▶ WHAT TO PRODUCE
Set down the listing below verbatim, but only from its first line through the line containing "Beige Knit Tote Bag".

DATA FOR PROCESSING: Begin

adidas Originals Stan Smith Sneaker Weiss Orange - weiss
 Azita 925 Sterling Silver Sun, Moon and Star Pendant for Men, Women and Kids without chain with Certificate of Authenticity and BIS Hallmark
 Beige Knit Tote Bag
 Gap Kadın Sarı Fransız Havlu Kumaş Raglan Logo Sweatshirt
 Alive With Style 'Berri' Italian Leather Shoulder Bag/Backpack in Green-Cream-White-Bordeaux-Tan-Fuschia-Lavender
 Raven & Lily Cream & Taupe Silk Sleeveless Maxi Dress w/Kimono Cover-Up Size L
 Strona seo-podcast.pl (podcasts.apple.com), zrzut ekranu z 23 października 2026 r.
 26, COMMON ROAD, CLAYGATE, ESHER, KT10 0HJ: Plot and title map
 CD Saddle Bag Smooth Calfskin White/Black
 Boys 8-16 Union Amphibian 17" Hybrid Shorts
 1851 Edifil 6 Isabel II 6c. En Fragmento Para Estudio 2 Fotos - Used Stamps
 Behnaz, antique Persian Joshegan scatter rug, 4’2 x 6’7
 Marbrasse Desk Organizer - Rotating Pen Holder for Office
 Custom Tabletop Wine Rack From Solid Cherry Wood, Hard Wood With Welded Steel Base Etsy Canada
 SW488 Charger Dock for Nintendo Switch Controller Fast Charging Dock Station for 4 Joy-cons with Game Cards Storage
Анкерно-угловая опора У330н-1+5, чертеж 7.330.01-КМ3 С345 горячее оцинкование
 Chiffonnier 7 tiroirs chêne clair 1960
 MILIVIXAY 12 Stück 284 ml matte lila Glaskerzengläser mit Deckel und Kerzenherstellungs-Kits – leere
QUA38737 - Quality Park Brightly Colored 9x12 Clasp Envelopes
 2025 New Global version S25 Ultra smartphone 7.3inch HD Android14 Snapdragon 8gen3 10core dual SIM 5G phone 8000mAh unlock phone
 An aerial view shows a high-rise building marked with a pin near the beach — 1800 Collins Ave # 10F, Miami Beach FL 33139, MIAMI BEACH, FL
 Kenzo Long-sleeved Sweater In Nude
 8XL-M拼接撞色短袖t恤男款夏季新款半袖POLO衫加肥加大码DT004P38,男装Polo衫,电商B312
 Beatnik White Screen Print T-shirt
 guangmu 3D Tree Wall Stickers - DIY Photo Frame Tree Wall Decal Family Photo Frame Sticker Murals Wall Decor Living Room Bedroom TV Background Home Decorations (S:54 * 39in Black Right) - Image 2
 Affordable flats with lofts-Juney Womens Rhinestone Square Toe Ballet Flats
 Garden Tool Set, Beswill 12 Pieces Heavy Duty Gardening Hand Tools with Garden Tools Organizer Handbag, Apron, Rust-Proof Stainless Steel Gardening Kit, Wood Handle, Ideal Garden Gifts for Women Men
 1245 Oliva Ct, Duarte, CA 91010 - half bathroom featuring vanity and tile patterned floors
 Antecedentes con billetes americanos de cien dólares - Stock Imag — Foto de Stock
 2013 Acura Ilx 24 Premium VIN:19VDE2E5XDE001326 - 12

DATA FOR PROCESSING: End

▶ ANSWER SECTION
adidas Originals Stan Smith Sneaker Weiss Orange - weiss
 Azita 925 Sterling Silver Sun, Moon and Star Pendant for Men, Women and Kids without chain with Certificate of Authenticity and BIS Hallmark
 Beige Knit Tote Bag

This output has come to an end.